Critics who attacked Visconti for his bald presentation of Aschenbach as a romantic paedophile were merely exposing their own misreading of the story. Aschenbach was attracted by Tadzio’s exceptional beauty – all the more exceptional for his finding it in a boy instead of a girl. Tadzio’s gender, in fact, makes him all the more unattainable, and Aschenbach’s passion for him so much the sadder. But just try to imagine readers’ reaction to Mann’s story if Tadzio had been Tadzia – if Aschenbach had developed a secret passion for a pubescent girl. Death in Venice would’ve been a forerunner of Nabokov’s Lolita.
But there is something else about the differences that distinctive media impose on the adaptation of such a story. Visconti’s film could, quite naturally, not help but make Aschenbach’s ideal paedophilia more obvious to the viewer. But Visconti short-changed Mann in many ways, not least in his casting choices and his stiflingly chi-chi production design. He was quite deliberately trying to beautify Aschenbach’s sad fall, without realizing that he would have to utilize a style to match Mann’s prose. The man who once made Senso, about the sad consequences of an ill-timed love affair between a man and a woman, was strangely incapable of preventing Aschenbach from looking somewhat ridiculous.
The opera tries to make Mann’s short novel into a summation of a lifelong obsession of the artist. But there is some confusion whether the artist is Aschenbach or Benjamin Britten. When Peter Pears premiered in the role he was nearly 63, and his advanced age was audible as well as visible. It made one wonder if it was cholera that killed him or some malady of old age. And there is the added disadvantage of Britten’s English sensibility imposed on Mann’s tale. The way the English treat Mediterranean settings, all the way from E. M. Forster and D. H. Lawrence to Lawrence Durrell, makes everything seem like an invitation to sensuality that the English climate – and the English themselves – have successfully suppressed.

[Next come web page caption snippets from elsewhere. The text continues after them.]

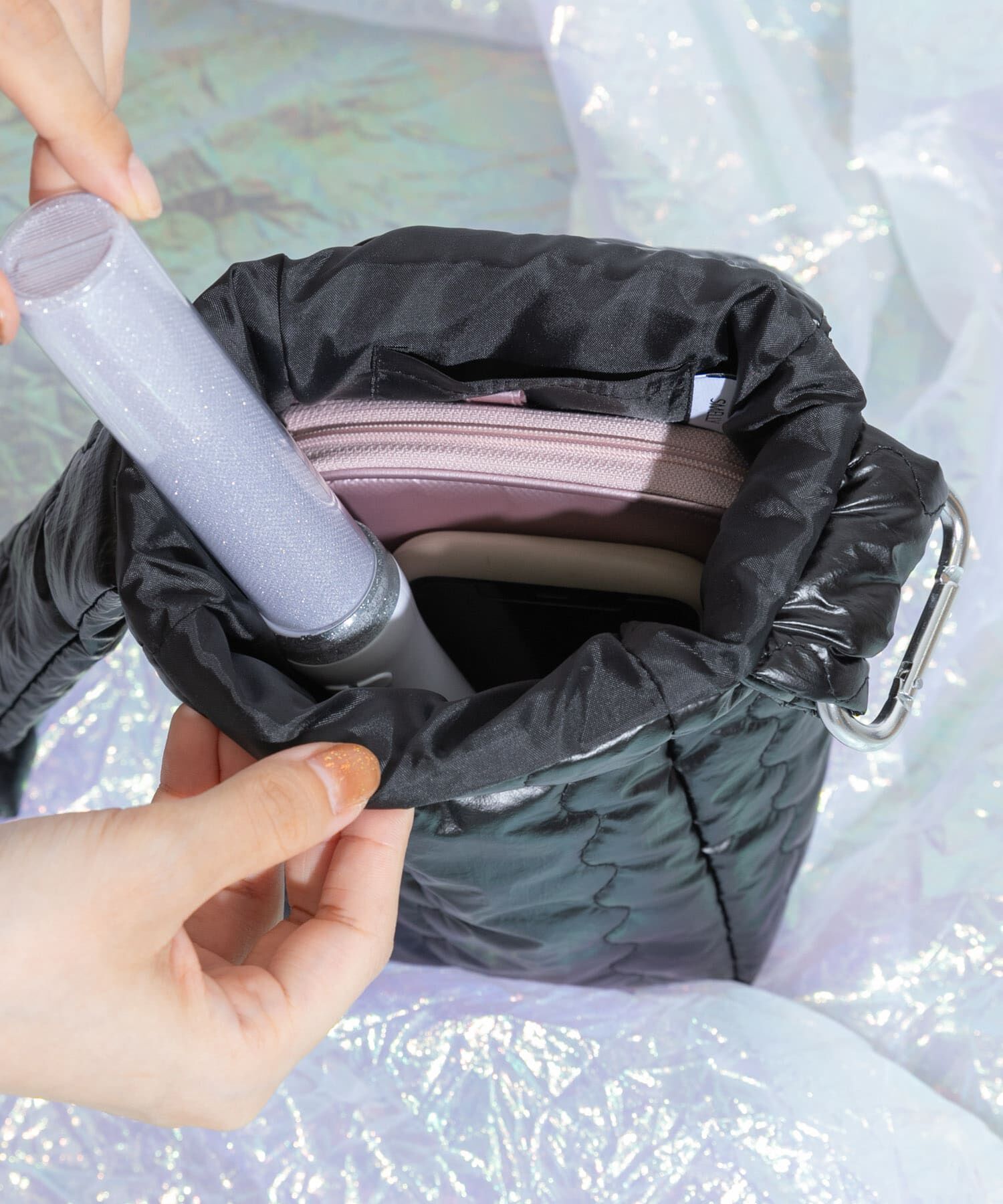 SMELLY「my Choeae quilt bag」|ハンドバッグ|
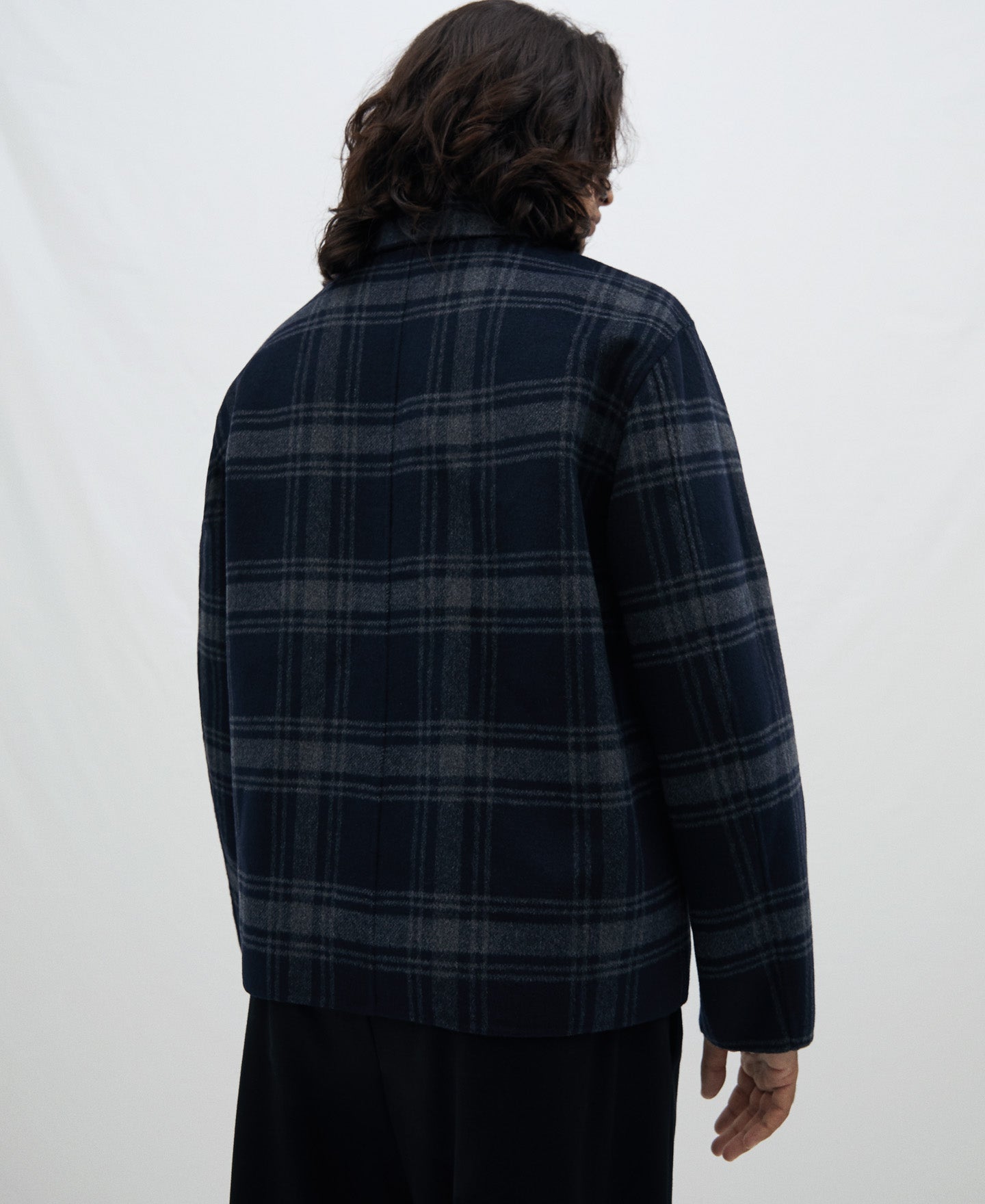 Multicolour Double Face Plaid Jacket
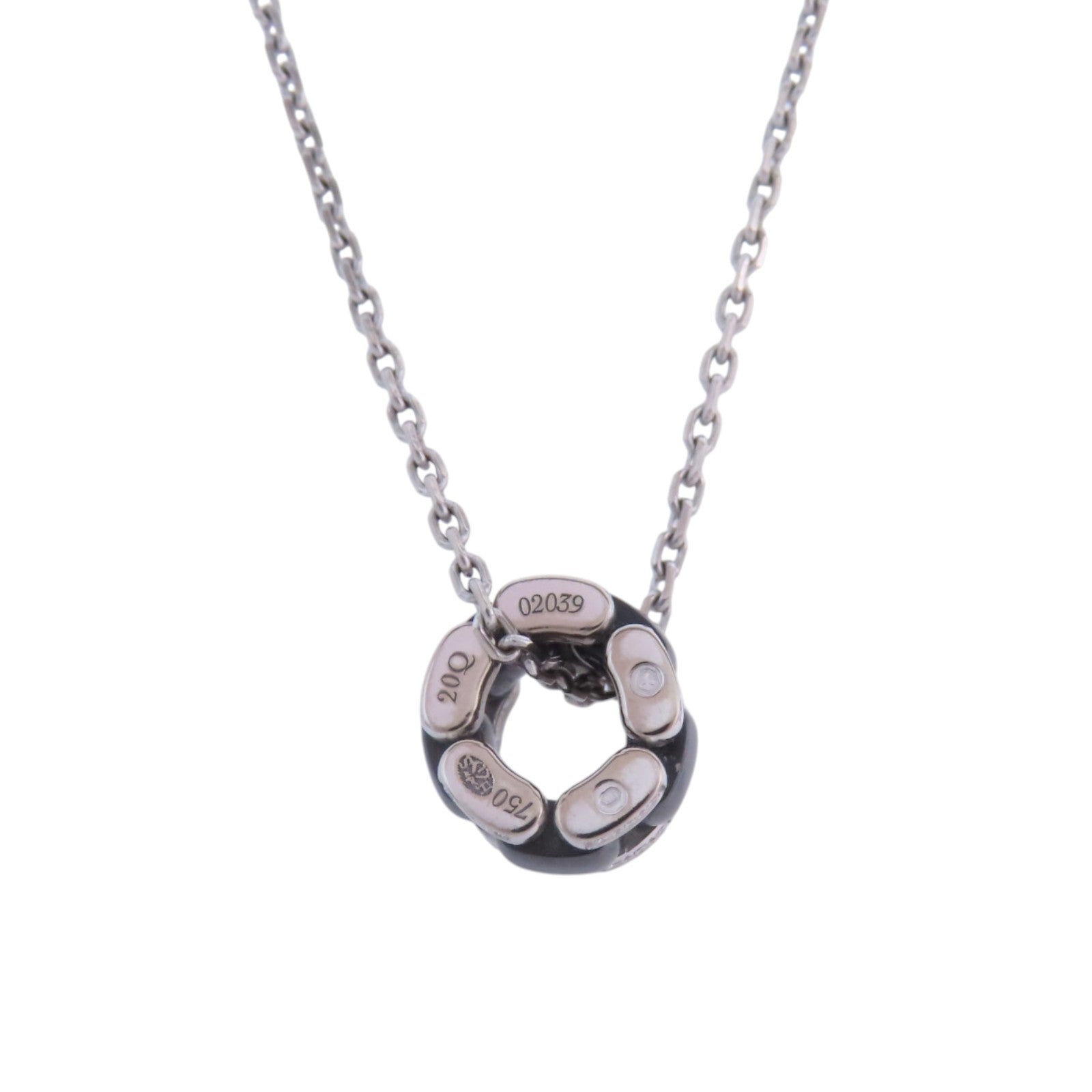 CHANEL 18K白金/陶瓷Ceramics Ultra Diamond Necklace鑽石項鏈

Returning to Thomas Mann’s novella, then, is both a refreshing reminder of its disturbing beauty and a clearing of the decks. The refulgent language of the final chapter, used to capture a dying artist’s glimpse of an unattainable ideal, is ravishing and unforgettable:
But to him it seemed as if the pale and charming psychagogue out there were smiling at him, beckoning to him, as if, releasing his hand from his hip, he were pointing outward, floating onward into the promising immensity of it all. And, as so often, he set out to follow him.